[SUPPLIED RECORDS]
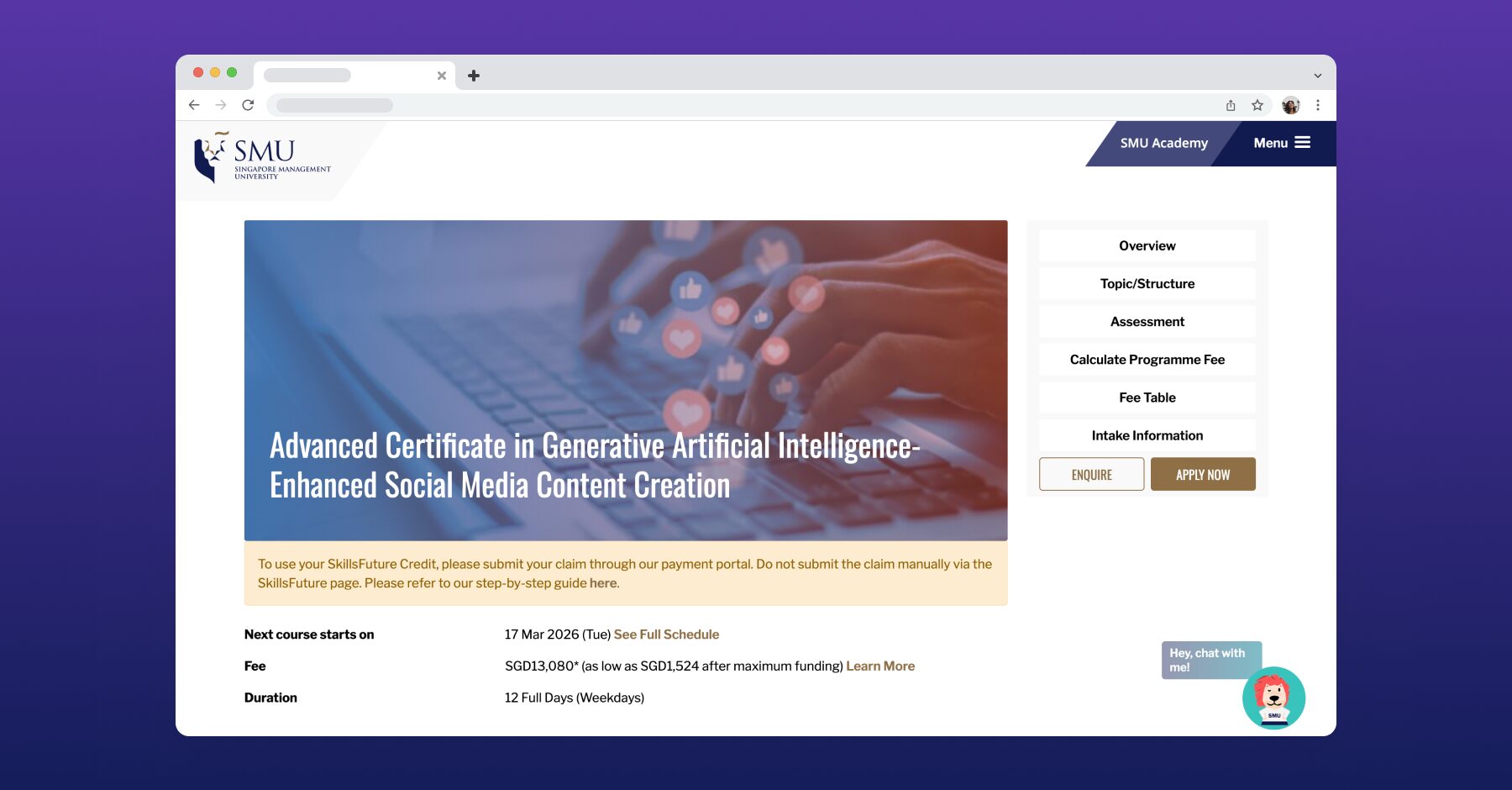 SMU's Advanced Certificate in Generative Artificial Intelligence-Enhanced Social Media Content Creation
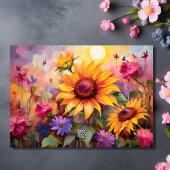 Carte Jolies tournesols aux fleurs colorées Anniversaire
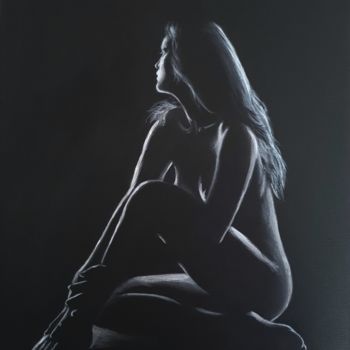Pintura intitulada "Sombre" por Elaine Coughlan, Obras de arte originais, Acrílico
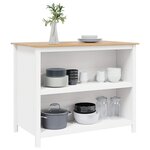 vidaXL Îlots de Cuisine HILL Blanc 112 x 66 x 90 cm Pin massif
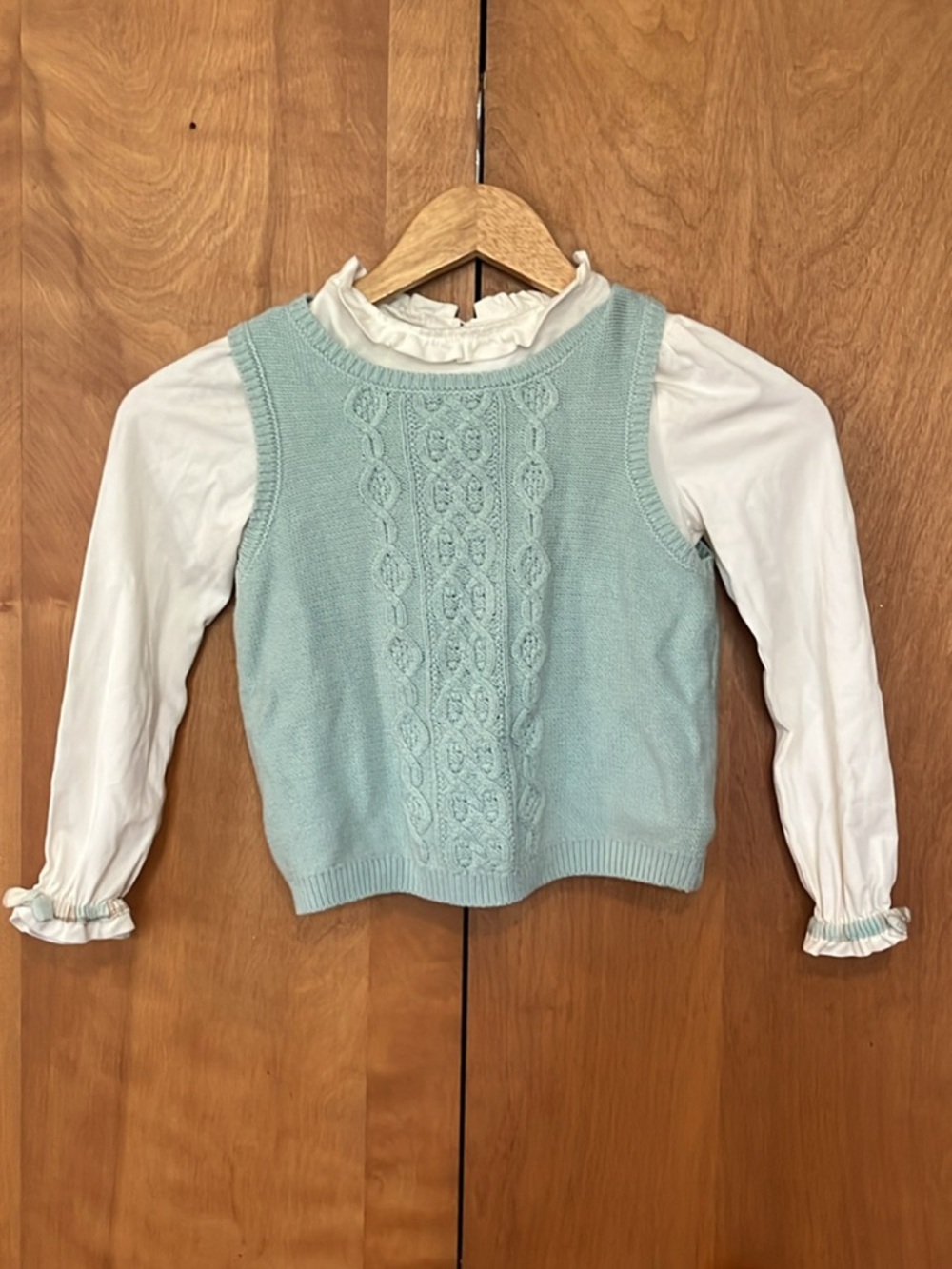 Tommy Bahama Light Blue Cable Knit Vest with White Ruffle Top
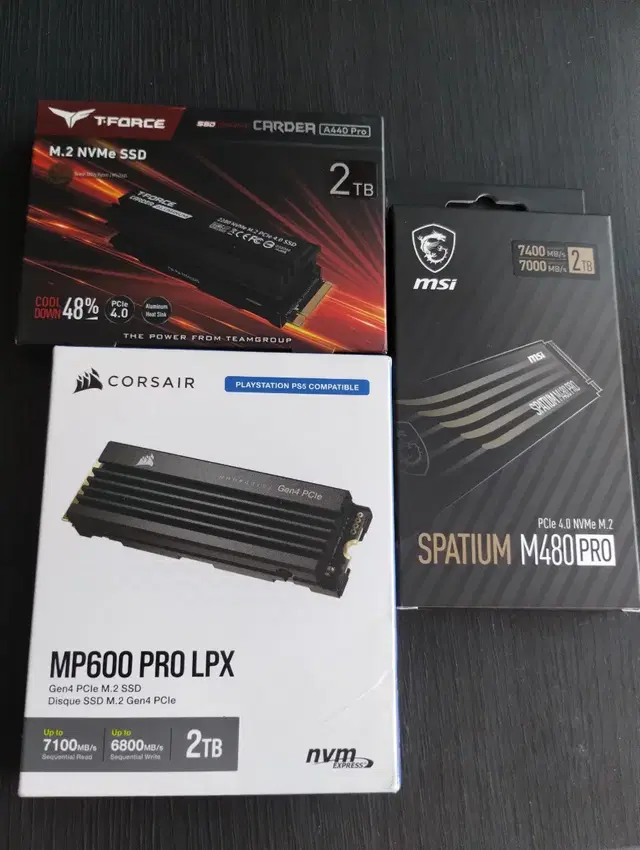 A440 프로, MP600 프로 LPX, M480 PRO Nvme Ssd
[/SUPPLIED RECORDS]
[SUPPLIED RECORDS]
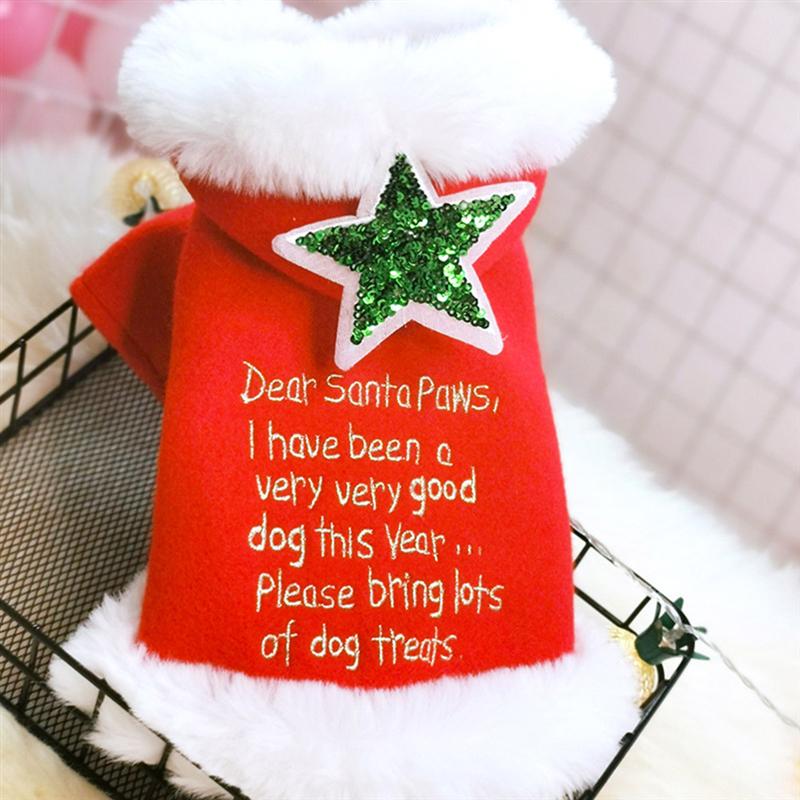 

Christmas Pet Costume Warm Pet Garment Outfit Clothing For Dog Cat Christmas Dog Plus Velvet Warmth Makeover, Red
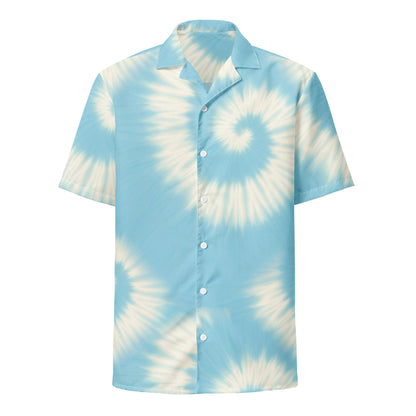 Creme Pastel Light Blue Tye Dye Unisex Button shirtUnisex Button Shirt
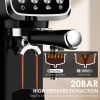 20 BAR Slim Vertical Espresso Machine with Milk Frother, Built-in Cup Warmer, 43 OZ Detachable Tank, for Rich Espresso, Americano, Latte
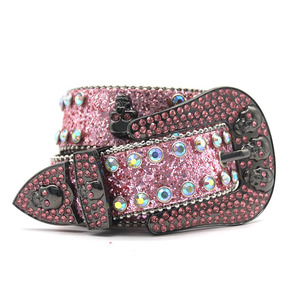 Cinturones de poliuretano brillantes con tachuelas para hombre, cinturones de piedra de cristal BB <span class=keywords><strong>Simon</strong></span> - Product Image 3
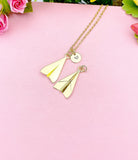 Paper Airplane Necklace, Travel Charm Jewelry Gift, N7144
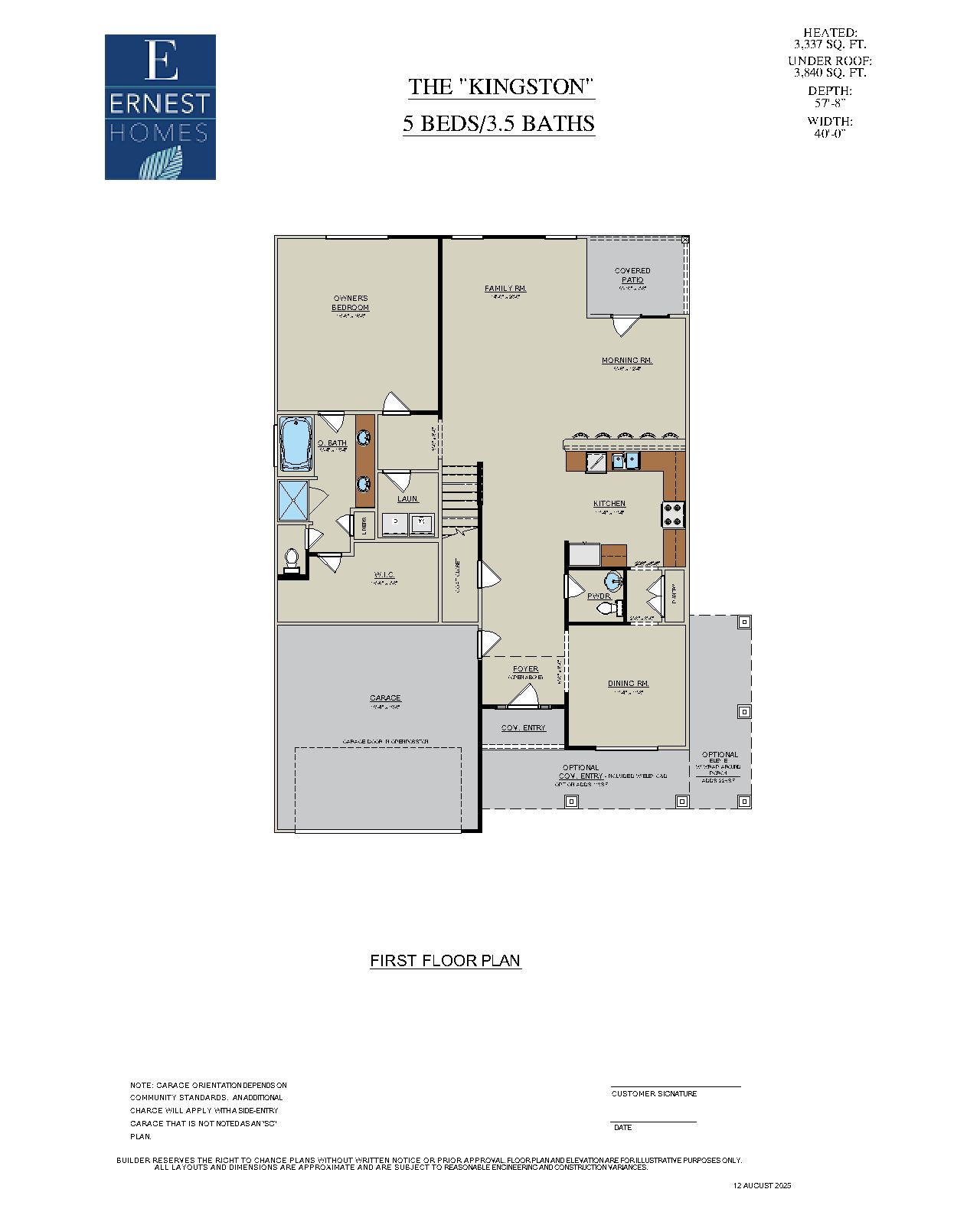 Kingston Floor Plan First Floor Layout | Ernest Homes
[/SUPPLIED RECORDS]
[SUPPLIED RECORDS]
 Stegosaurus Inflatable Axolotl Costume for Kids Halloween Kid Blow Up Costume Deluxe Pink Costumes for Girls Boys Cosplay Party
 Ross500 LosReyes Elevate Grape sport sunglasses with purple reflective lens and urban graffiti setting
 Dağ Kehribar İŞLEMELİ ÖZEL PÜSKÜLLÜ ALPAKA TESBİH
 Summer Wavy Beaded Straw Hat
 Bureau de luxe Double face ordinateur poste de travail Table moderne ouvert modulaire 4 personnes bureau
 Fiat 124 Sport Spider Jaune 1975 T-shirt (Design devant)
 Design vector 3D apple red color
[/SUPPLIED RECORDS]
PROMPT: Each line above that contains the word "Design" should be copied.

TASK ANSWER:
 Fiat 124 Sport Spider Jaune 1975 T-shirt (Design devant)
 Design vector 3D apple red color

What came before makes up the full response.